So we block some porn and gain overhead, add some filtering and lose overhead and come out 10% faster.
The real boondoggle here are all the “experts” who conveniently forget that porn makes up over 50% of web traffic and that some filtering will speed up the networks…
Oh, I forgot, most of those opposed to the filtering are those EARNING from the pron…. ISP account sellers…
Oh how silly of me, you cannot fight people’s desire to earn off porn, that rarely works.
Oops, their halos are slipping… lol
November 20th, 2008 at 09:31 AM
You could do right about the net gain in access speed but, since the government will be overseeing the filter, I wouldn’t count on it.
November 22nd, 2008 at 08:34 PM
At the instigation of the Moral Right and the Australian Christian Lobby, the Australian Government is proposing, and is about to trial a compulsory internet ‘Clean Feed’.
From the outset let me say this, I fully applaud any attempt to curb the trade of child pornography; but I appear to be out of step with my Christian brethren because I do not believe that compulsory internet filtering is the answer to the proliferation of this perversion. Such material will still freely enter the country on CD’s and the like and be shared freely on peer-to-peer networks, and even school kids know how to circumvent filtering systems.
I believe that the only way to prevent perversion is a change of the perverts heart, and censorship will do nothing. Drugs are illegal and prevented from entering the country, but they are still readily accessible! It is clear that you cannot legislate morality.
I won’t even go into the technological difficulties, ineffectiveness, and expense of this scheme.
What this system will do, in my opinion, is to open the floodgates of thought suppression, such as exists in the repressed societies of Iran and North Korea. Political censorship may not be on the minds of this present regime, but compulsory internet filtering provides an opening to the policing of thought. We don’t even have a right to know what is being blocked! Already on the proposed list are sites on controversial topics such as euthanasia, suicide and anorexia. How do they seperate the pro sites from support groups.
I believe in is religious and political freedom. How long before some of my favourite sites are rendered inaccessible to me by beauracrats and politicians who may not agree with my political or religious leanings? I do not have to remind the Church that Christian sites are already censored in Iran, North Korea and China.

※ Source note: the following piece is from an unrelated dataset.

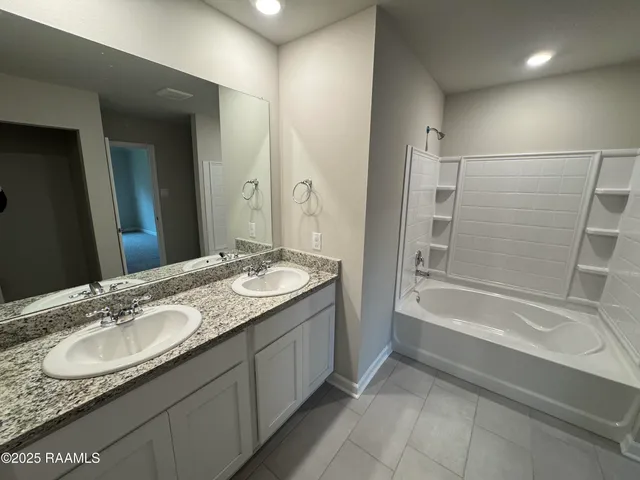 $2,000 | 325 White Pine Drive, Lafayette, LA 70501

It is time for the Christian Right to stop their support of this ridiculous notion, and start doing as they were told by Jesus – to feed the poor, clothe the naked, heal the sick. That is the way that we can change our society, not by imposing rules, restrictions and censorship.
Even in my town people are still going hungry and are homeless while we, as Christians, rely on the Government to do what is our God-given responsibility. If Christians were to act in a manner fitting their calling, people would be drawn to the Gospel, and the pornography trade would die a natural death.
As it is, society sees us (Christians) as a group of generally unhearing and aloof wowsers, seeking only to mandate and control.
The money being squandered on this scheme would be better spent on giving law enforcement more tools to protect children from this abuse.